Gift Price Best For Skill Level
PLA Filament 1kg Spool ~$20 The go-to consumable All levels
Multi-Color Filament Pack (5 spools) ~$75 Colorful experiments All levels
Digital Calipers ~$15 Precision measuring Beginner+
Nozzle Upgrade Kit ~$20–35 Better print quality Intermediate+
Filament Dry Box ~$25–40 Preventing moisture damage All levels
Belt Tensioner Kit (thesupdesk.com) $51.99 X-axis precision upgrade Experienced
Bed Adhesion Kit ~$15–25 Solving first-layer problems Beginner+
Mini Print Removal Tools ~$10–15 Safer print removal All levels

🎁 Stocking Stuffers: Under $25

These are the consumables and small tools that every maker burns through or always needs more of. Perfect for stockings, add-ons, or quick gifting.

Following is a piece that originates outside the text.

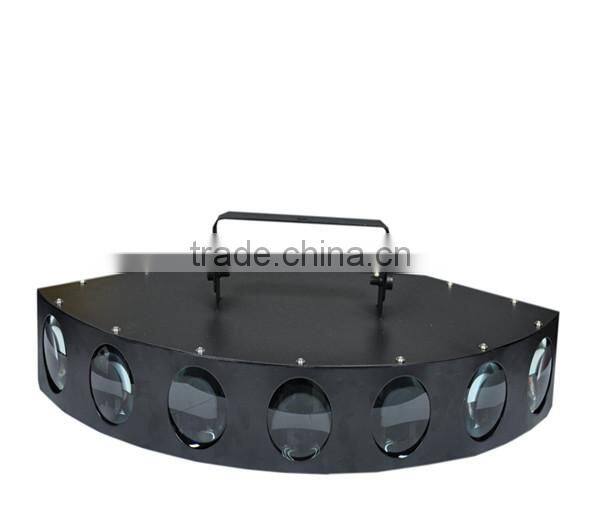 7 Lens RGBWY multicolor changing led night light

PLA Filament, 1kg Spool (~$18–22)

You can’t go wrong with filament. PLA is the starter material — easy to print, low warp, works on almost every FDM printer without enclosure requirements. One kilogram gives a hobbyist dozens of prints.

Best color picks for gifting: Black, white, and grey are workhorses. A fun accent color (red, orange, translucent blue) makes a more exciting gift.

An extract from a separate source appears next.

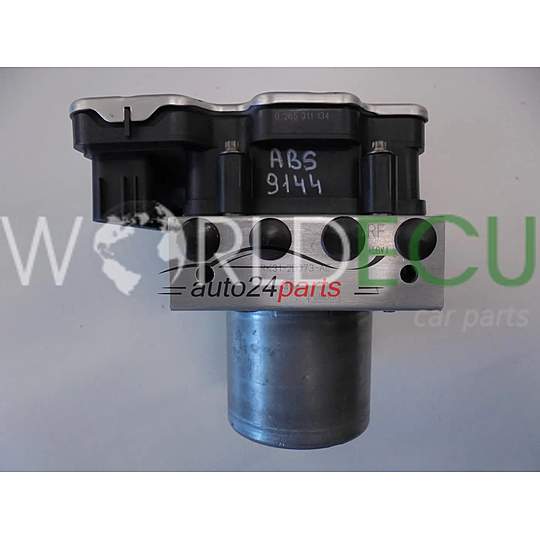 НАСОС Y БЛОК УПРАВЛЕНИЯ АБС FORD 0265311134 RK312B373AE 0265957322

Buy: Hatchbox, Polymaker, or eSUN are the go-to brands. All available on Amazon for ~$18–22/spool.

Best for: Anyone with an FDM printer. Universal gift that never goes to waste.


Nozzle Cleaning Kit / Nozzle Set (~$10–20)

Nozzles clog. It’s a fact of 3D printing life. A spare set of brass nozzles (0.4mm standard plus some 0.2mm and 0.6mm for variety) is the kind of practical gift that gets used constantly.

What to buy: Look for MK8-compatible nozzles if they have an Ender or similar. E3D V6-style nozzles for Prusa users.

Bonus: Add a pack of acupuncture-style needle cleaners ($5) for clearing partial clogs. Cheap, effective, well-received.


Print Removal Spatulas / Scraper Set (~$10–15)

Flexible steel spatulas for removing prints from the bed are something you always want more of. They bend, they get lost, they’re constantly in use. A 3-pack or 5-pack set is a genuinely useful gift.

Also useful: The dental pick style tools for removing support structures. Look for “3D print removal tool set” — typically $10–12 for a multi-piece kit.


Glue Stick or Magigoo Bed Adhesion (~$8–18)

First layer adhesion is the perennial struggle of 3D printing. A jumbo Elmer’s glue stick ($3) is the classic hack, but a proper Magigoo or 3DLac spray ($12–18) is a legitimate upgrade that beginners appreciate.


🛠️ For Beginners: $25–$75

These gifts solve real beginner problems. If you’re gifting someone who just started printing or got a printer as a gift themselves, these are the upgrades that make the difference between frustration and success.

Digital Calipers (~$15–25)

Every maker needs calipers. Without them, you’re guessing on dimensions — which means parts that don’t fit, tolerances you can’t verify, and custom designs that need 5 re-prints to get right.

A 0.01mm resolution digital caliper is the standard. The iGaging or Neiko options on Amazon run $15–20 and are fully adequate. This is a gift that gets used almost every print session.

Best for: Makers who design their own parts or print things that need to fit together precisely.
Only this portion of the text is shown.